Information supplied: Begin
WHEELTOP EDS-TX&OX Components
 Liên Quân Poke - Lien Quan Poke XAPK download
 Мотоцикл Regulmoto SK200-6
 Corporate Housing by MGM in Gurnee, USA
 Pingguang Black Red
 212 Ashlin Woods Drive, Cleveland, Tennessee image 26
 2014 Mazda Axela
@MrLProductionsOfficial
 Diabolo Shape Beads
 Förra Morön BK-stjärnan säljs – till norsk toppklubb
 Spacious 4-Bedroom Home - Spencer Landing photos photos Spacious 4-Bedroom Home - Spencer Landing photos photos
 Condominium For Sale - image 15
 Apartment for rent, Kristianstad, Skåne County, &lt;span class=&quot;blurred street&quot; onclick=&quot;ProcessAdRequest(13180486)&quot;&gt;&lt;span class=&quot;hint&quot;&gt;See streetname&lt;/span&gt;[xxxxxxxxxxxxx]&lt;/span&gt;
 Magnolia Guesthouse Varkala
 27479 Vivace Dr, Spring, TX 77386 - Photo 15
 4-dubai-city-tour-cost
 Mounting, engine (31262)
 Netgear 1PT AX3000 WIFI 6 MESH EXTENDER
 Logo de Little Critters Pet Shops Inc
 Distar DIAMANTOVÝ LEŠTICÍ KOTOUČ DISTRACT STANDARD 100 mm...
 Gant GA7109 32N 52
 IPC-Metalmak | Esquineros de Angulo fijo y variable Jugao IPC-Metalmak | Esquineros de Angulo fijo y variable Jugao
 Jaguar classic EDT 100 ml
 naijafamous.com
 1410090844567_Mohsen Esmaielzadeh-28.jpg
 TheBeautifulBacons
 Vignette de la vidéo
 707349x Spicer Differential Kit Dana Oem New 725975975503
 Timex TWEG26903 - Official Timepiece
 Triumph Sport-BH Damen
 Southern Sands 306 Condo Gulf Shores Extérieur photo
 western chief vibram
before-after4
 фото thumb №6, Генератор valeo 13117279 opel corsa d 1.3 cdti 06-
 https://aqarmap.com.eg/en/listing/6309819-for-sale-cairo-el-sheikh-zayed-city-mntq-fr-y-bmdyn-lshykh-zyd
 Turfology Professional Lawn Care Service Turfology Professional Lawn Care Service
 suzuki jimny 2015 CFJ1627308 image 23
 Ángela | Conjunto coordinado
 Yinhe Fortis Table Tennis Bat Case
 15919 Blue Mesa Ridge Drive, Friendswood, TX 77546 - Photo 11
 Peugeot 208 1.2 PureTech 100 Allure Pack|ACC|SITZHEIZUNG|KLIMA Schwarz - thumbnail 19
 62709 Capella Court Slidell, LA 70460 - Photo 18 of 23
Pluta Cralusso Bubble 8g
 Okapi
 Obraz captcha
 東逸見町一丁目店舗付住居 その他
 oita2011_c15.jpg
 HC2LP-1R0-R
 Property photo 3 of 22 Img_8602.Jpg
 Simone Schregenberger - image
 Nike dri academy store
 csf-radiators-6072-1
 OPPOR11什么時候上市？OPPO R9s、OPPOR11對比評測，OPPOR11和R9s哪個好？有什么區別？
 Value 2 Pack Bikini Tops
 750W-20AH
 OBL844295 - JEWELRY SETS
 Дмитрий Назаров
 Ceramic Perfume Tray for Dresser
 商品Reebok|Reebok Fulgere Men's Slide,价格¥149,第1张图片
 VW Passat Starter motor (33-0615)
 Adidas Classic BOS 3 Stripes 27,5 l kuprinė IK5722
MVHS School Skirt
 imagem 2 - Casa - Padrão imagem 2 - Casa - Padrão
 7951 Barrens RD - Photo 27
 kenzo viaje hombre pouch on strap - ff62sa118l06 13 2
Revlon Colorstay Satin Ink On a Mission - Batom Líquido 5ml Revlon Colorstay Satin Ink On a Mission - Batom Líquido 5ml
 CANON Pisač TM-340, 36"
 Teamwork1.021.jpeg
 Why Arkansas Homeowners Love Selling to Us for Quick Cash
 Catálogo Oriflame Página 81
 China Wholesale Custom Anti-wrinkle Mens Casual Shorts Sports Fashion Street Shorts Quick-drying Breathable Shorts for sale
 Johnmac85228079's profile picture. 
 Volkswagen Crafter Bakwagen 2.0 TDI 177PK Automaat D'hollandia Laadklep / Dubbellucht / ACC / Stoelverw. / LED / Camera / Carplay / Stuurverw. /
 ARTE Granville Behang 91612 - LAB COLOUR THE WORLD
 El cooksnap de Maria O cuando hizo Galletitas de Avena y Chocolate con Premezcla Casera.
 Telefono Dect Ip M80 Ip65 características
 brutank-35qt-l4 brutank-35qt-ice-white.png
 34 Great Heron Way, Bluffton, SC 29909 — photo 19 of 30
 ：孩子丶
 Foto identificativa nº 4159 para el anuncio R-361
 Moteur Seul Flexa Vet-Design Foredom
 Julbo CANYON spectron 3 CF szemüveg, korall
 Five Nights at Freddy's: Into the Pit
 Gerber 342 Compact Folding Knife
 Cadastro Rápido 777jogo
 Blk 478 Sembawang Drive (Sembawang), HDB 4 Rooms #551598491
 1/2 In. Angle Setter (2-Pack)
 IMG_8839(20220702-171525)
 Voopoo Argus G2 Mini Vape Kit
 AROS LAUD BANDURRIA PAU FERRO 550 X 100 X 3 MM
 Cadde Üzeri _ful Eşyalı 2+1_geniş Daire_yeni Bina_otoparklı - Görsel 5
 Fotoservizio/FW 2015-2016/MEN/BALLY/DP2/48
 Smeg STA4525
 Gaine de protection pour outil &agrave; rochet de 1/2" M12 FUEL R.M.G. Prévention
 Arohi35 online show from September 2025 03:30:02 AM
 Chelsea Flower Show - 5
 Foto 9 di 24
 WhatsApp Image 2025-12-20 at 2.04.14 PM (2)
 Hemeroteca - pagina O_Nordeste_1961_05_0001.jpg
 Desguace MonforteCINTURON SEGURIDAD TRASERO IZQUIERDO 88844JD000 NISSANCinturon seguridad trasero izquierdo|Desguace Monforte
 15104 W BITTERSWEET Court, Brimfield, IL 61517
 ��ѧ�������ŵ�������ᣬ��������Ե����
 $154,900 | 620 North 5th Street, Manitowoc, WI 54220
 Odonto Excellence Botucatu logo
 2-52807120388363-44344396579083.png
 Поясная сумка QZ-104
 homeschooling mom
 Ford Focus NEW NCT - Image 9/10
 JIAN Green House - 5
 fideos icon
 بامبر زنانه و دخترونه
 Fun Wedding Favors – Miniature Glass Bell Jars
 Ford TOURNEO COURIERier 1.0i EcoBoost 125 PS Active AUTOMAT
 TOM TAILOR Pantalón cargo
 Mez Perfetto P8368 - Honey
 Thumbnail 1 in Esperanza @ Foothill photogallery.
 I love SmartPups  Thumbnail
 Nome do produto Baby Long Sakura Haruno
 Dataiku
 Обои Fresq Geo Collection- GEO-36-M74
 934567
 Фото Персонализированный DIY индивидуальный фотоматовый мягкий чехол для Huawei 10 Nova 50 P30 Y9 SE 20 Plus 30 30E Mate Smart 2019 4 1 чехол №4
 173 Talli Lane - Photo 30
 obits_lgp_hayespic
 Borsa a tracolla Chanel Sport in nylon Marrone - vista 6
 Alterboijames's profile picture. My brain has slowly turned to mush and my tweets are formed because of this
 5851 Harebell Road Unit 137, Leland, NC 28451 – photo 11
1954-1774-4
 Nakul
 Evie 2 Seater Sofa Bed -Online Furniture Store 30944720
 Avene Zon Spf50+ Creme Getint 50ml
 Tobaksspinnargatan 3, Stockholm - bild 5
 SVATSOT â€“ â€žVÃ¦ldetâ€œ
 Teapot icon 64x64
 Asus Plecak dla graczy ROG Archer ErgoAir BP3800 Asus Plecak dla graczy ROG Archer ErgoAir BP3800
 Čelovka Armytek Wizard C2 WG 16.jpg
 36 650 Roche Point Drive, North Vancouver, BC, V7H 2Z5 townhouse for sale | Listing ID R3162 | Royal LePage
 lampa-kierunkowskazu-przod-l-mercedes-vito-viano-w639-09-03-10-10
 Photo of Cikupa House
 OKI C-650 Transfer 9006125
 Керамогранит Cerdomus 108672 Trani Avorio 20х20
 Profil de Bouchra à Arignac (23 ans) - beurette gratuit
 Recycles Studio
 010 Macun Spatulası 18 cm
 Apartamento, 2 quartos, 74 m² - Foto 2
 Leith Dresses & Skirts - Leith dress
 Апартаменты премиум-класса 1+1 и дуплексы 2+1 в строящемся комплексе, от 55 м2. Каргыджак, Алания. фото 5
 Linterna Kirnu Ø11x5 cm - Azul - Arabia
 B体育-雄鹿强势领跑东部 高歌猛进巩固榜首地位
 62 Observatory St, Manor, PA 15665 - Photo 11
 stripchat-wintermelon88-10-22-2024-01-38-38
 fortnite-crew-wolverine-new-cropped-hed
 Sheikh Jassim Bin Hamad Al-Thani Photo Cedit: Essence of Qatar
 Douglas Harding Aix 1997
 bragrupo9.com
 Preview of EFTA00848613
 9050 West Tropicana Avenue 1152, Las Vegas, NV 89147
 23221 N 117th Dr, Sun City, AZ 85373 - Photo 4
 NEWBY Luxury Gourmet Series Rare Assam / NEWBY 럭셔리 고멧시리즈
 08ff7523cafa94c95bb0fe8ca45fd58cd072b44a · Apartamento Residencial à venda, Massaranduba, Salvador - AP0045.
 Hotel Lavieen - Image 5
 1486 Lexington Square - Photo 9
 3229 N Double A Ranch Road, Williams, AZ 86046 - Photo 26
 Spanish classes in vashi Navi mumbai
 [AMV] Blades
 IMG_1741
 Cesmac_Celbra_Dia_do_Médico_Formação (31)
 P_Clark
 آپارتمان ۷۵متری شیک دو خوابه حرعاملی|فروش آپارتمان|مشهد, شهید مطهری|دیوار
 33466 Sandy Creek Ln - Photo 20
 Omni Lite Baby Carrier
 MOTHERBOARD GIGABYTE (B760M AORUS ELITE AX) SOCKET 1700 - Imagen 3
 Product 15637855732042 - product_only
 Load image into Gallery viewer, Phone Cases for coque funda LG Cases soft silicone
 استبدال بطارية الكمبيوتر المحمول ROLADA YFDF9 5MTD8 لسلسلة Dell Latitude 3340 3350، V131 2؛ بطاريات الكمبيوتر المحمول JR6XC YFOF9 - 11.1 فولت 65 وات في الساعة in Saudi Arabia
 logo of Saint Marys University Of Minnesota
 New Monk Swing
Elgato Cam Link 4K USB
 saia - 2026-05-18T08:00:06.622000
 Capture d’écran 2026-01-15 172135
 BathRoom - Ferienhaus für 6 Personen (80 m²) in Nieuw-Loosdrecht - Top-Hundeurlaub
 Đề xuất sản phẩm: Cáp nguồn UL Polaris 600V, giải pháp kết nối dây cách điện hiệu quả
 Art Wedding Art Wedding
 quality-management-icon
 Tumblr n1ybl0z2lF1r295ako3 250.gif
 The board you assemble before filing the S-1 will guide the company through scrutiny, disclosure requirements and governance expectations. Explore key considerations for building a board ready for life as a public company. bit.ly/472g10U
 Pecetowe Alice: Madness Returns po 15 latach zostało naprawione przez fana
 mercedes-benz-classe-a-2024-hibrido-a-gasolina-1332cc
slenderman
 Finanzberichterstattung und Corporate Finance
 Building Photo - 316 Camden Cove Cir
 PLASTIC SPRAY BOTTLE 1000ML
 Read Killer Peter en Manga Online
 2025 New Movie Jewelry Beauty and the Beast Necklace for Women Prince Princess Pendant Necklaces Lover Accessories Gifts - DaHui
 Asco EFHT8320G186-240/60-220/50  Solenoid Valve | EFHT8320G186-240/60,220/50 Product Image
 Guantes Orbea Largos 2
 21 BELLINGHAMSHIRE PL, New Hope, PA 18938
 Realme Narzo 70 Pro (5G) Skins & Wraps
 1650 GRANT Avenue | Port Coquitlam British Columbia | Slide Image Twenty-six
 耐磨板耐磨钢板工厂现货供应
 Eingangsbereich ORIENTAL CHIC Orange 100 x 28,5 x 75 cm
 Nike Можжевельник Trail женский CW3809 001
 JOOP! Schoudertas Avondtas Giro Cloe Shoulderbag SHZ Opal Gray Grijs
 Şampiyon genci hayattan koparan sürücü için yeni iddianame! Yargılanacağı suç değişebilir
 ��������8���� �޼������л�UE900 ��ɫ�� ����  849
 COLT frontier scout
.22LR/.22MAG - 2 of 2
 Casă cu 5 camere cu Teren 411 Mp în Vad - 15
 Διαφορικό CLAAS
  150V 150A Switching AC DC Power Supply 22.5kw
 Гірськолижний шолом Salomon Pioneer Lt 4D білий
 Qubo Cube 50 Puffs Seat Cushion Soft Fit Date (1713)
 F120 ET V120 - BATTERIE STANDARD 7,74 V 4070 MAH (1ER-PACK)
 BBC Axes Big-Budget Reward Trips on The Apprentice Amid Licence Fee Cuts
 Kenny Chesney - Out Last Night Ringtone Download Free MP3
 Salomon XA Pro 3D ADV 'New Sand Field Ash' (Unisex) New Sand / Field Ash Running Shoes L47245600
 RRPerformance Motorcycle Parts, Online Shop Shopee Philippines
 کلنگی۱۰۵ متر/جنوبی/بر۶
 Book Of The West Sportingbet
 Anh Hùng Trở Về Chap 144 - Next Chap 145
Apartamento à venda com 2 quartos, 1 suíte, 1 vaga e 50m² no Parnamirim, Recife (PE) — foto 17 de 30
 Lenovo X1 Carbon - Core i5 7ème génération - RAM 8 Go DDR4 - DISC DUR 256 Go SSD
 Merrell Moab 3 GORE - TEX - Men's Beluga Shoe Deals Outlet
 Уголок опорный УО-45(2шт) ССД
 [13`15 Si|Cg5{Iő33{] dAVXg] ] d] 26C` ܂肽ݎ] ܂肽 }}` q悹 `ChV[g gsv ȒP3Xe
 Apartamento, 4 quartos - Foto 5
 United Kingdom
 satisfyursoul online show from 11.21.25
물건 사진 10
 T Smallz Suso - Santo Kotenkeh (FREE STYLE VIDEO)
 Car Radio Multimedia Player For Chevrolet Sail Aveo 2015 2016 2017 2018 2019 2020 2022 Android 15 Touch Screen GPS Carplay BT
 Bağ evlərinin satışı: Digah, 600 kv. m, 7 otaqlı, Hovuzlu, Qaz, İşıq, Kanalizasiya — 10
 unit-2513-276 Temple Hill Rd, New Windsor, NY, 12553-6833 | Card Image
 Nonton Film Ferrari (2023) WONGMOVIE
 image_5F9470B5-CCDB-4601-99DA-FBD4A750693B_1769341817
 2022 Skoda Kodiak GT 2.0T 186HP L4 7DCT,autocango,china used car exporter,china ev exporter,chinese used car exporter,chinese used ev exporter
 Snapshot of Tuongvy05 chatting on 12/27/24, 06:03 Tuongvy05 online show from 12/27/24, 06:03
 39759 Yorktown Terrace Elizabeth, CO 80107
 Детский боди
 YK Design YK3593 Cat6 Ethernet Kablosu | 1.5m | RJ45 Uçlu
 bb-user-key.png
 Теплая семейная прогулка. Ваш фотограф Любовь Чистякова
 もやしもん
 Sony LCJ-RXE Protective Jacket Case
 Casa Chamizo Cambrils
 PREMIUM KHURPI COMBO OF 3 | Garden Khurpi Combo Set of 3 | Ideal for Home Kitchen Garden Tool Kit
Information supplied: End
**Activity:**
Could you restate word for word the lines above from the one containing "1954-1774-4" through the one containing "33466 Sandy Creek Ln - Photo 20", both included, and nothing else?

**The answer:**
1954-1774-4
 Nakul
 Evie 2 Seater Sofa Bed -Online Furniture Store 30944720
 Avene Zon Spf50+ Creme Getint 50ml
 Tobaksspinnargatan 3, Stockholm - bild 5
 SVATSOT â€“ â€žVÃ¦ldetâ€œ
 Teapot icon 64x64
 Asus Plecak dla graczy ROG Archer ErgoAir BP3800 Asus Plecak dla graczy ROG Archer ErgoAir BP3800
 Čelovka Armytek Wizard C2 WG 16.jpg
 36 650 Roche Point Drive, North Vancouver, BC, V7H 2Z5 townhouse for sale | Listing ID R3162 | Royal LePage
 lampa-kierunkowskazu-przod-l-mercedes-vito-viano-w639-09-03-10-10
 Photo of Cikupa House
 OKI C-650 Transfer 9006125
 Керамогранит Cerdomus 108672 Trani Avorio 20х20
 Profil de Bouchra à Arignac (23 ans) - beurette gratuit
 Recycles Studio
 010 Macun Spatulası 18 cm
 Apartamento, 2 quartos, 74 m² - Foto 2
 Leith Dresses & Skirts - Leith dress
 Апартаменты премиум-класса 1+1 и дуплексы 2+1 в строящемся комплексе, от 55 м2. Каргыджак, Алания. фото 5
 Linterna Kirnu Ø11x5 cm - Azul - Arabia
 B体育-雄鹿强势领跑东部 高歌猛进巩固榜首地位
 62 Observatory St, Manor, PA 15665 - Photo 11
 stripchat-wintermelon88-10-22-2024-01-38-38
 fortnite-crew-wolverine-new-cropped-hed
 Sheikh Jassim Bin Hamad Al-Thani Photo Cedit: Essence of Qatar
 Douglas Harding Aix 1997
 bragrupo9.com
 Preview of EFTA00848613
 9050 West Tropicana Avenue 1152, Las Vegas, NV 89147
 23221 N 117th Dr, Sun City, AZ 85373 - Photo 4
 NEWBY Luxury Gourmet Series Rare Assam / NEWBY 럭셔리 고멧시리즈
 08ff7523cafa94c95bb0fe8ca45fd58cd072b44a · Apartamento Residencial à venda, Massaranduba, Salvador - AP0045.
 Hotel Lavieen - Image 5
 1486 Lexington Square - Photo 9
 3229 N Double A Ranch Road, Williams, AZ 86046 - Photo 26
 Spanish classes in vashi Navi mumbai
 [AMV] Blades
 IMG_1741
 Cesmac_Celbra_Dia_do_Médico_Formação (31)
 P_Clark
 آپارتمان ۷۵متری شیک دو خوابه حرعاملی|فروش آپارتمان|مشهد, شهید مطهری|دیوار
 33466 Sandy Creek Ln - Photo 20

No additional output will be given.